Once we define minimum competence, we need to design methods for assessing that competence. Psychometrics, the science of measuring mental processes and abilities, plays an important role in designing those methods. On this page we outline the four components of an appropriate assessment method: validity, reliability, fairness, and feasibilty. In our Solutions section, we explain how different assessment methods meet each of these criteria.
Psychometricians and other assessment specialists rely upon the Standards for Educational and Psychological Testing when designing assessments. Those Standards provide guidance for making assessments valid, reliable, and fair. Given the increased concern about fairness in testing, a group of scholars recently published a companion guide, Fairness in Educational and Psychological Testing, that elaborates on the need for fairness in assessment. We have incorporated insights from these guides throughout our website, but you can consult the original sources if you want to learn more.
Validity
Validity means that an assessment measures the qualities that the user wants to measure. Assessments are not inherently valid or invalid. Instead, their validity depends on the purpose for which they are used. A bathroom scale, for example, offers a valid measure of a person's weight but it does not offer a valid measure of their ability to play the guitar. When licensing lawyers, we want assessment methods that will measure the skills and knowledge needed for entry-level law practice.
Reliability
Reliability means that an assessment measure offers consistent results. If you repeatedly put the same stone on a bathroom scale, a reliable scale will provide the same weight each time--even if the weighings are separated by weeks or months. Similarly, a reliable assessment of minimum competence will provide the same outcome for each candidate (pass or fail) regardless of when the candidate takes the assessment or who grades it. A candidate's knowledge and skills, of course, usually change over time. But if a candidate has the same level of knowledge and skills in April and May, a reliable assessment will produce the same outcome each time.
Fairness
Fairness doesn't matter when we measure inanimate objects like rocks, but it is essential when assessing people. In licensing, a fair assessment gives all candidates an equal opportunity to demonstrate their knowledge and skills.

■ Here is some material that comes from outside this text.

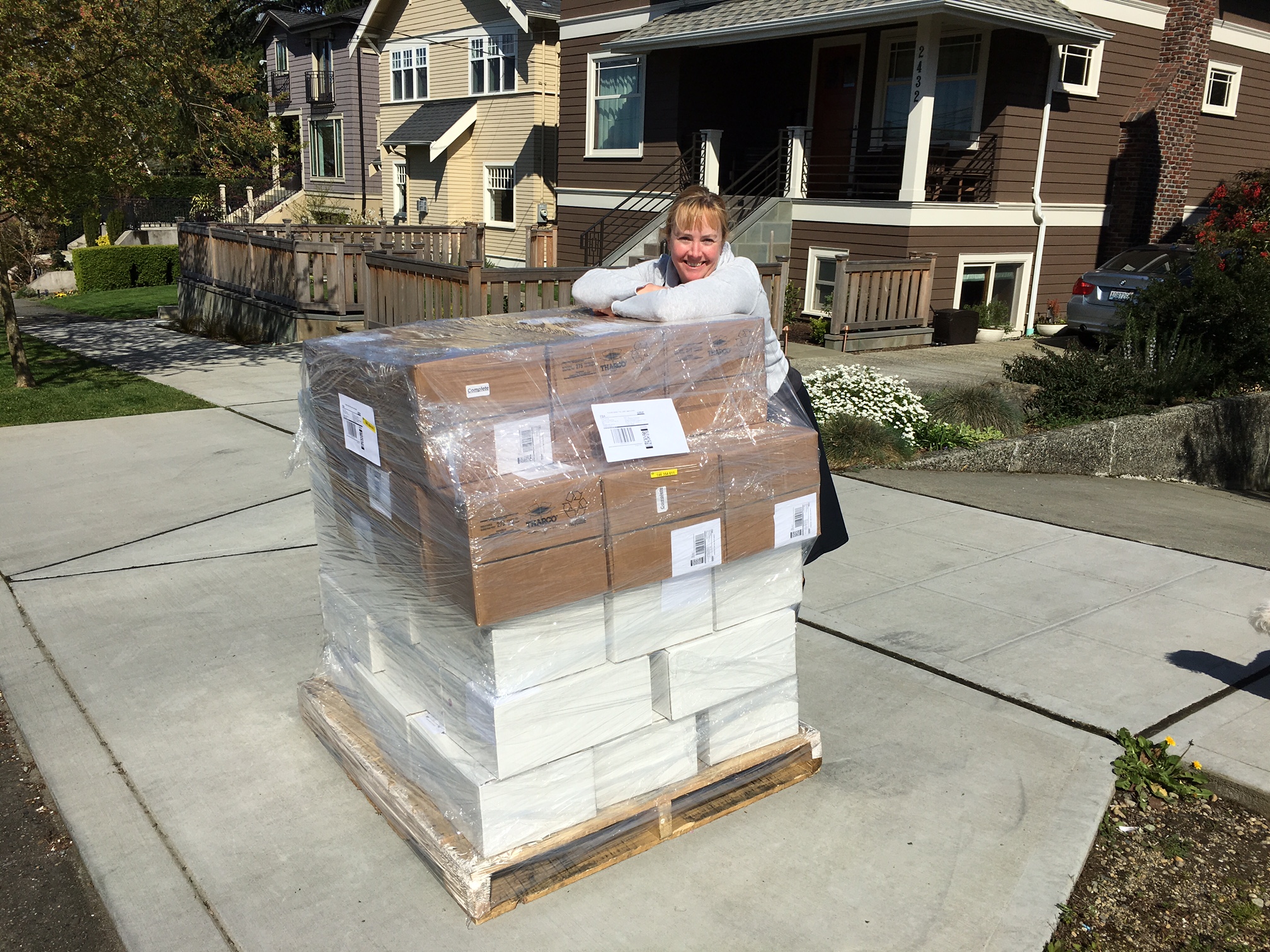 Our first pallet assembled and ready for Amazon.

The assessment should not provide results that are biased by race, gender, household income, disability, or other characteristics that are irrelevant to the knowledge and skills being measured. An assessment method that produces a disparate impact based on one or more of these characteristics is not necessarily unfair--but it warrants serious scrutiny. Systemic biases often underlie methods with a disparate impact.
Feasibility
The Standards do not include feasibility as a requirement for sound assessments, but other scholars have noted the importance of this requirement. An assessment method must be possible, given real-world limits on resources. When assessing the feasibility of new methods, however, it is important to acknowledge the costs of the status quo. A written bar exam is expensive to create, administer, and grade. The currrent exam also imposes stiff costs on candidates, who pay fees to take the exam, travel to exam sites, purchase expensive prep courses, and forego income while preparing for the exam. The feasibility of other assessment methods should be judged in comparison to those costs.
Striking a Balance
The requirements of validity, reliability, fairness, and feasibility sometimes point in different directions. The most valid way to assess a candidate's minimum competence might be for an examiner to observe that candidate practicing law over several months. That method, however, is unlikely to be feasible. It probably would also lack reliability and fairness: examiners might differ in their views of minimum competence, and they might harbor unconscious biases against some candidates.

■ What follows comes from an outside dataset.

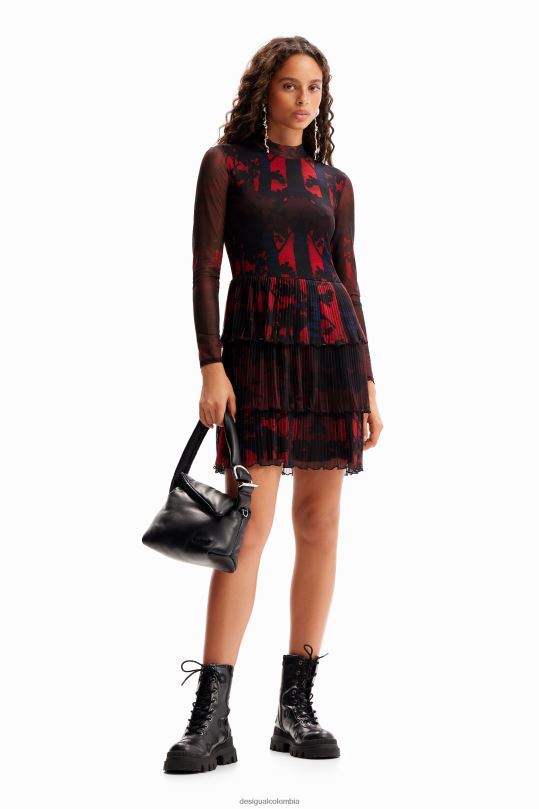 Desigual Colombia pagina oficial - ropa 4802L839 mujer Desigual metro. vestido corto plisado de christian lacroix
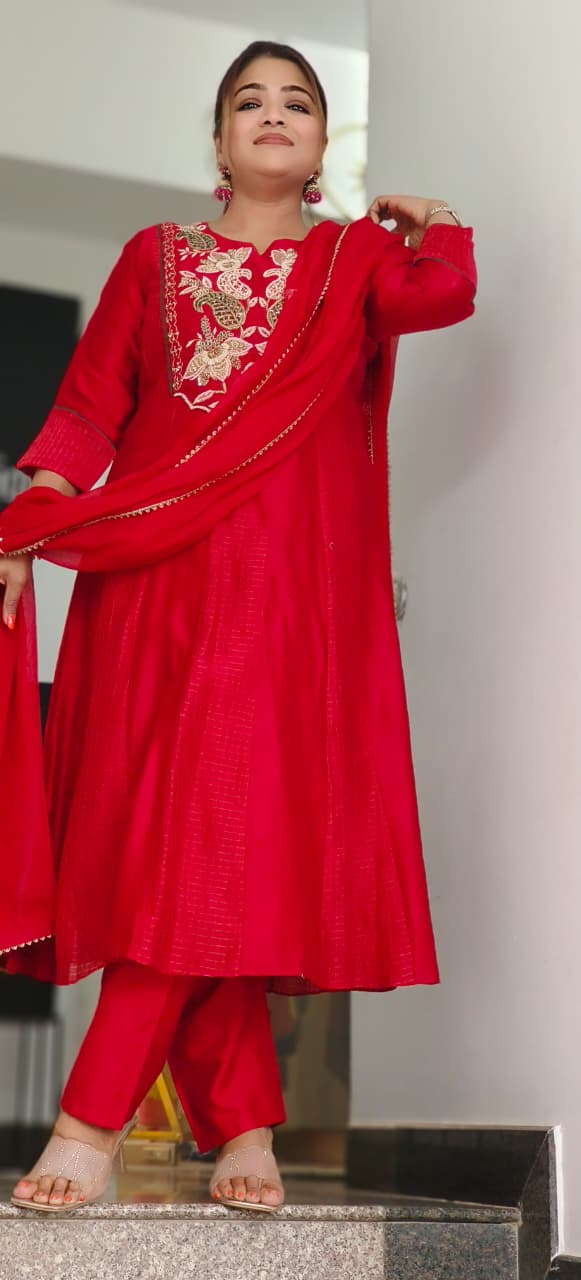 Elegant Designer Long Kurti in Premium Chanderi Fabric with Intricate Floral Embroidery A-Line Full Suit Set With Dupatta- 11439, 11440,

NCBE's Uniform Bar Exam, in contrast, is highly reliable. NCBE and jurisdictions use statistical methods to constrain variations in both the exam's difficulty over time and in the scores that examiners assign to essay and performance test answers. Critics, however, point to shortcomings in the exam's validity and fairness.
Choosing an assessment method requires making trade-offs among validity, reliability, fairness, and feasibility. Which criteria are most important in your jurisdiction? What is the optimal balance among these requirements? One option, which a few states are now exploring, is to offer candidates a choice of assessment methods. Each method may have different strengths and weaknesses, and candidates can choose the method that best aligns with their own preferences.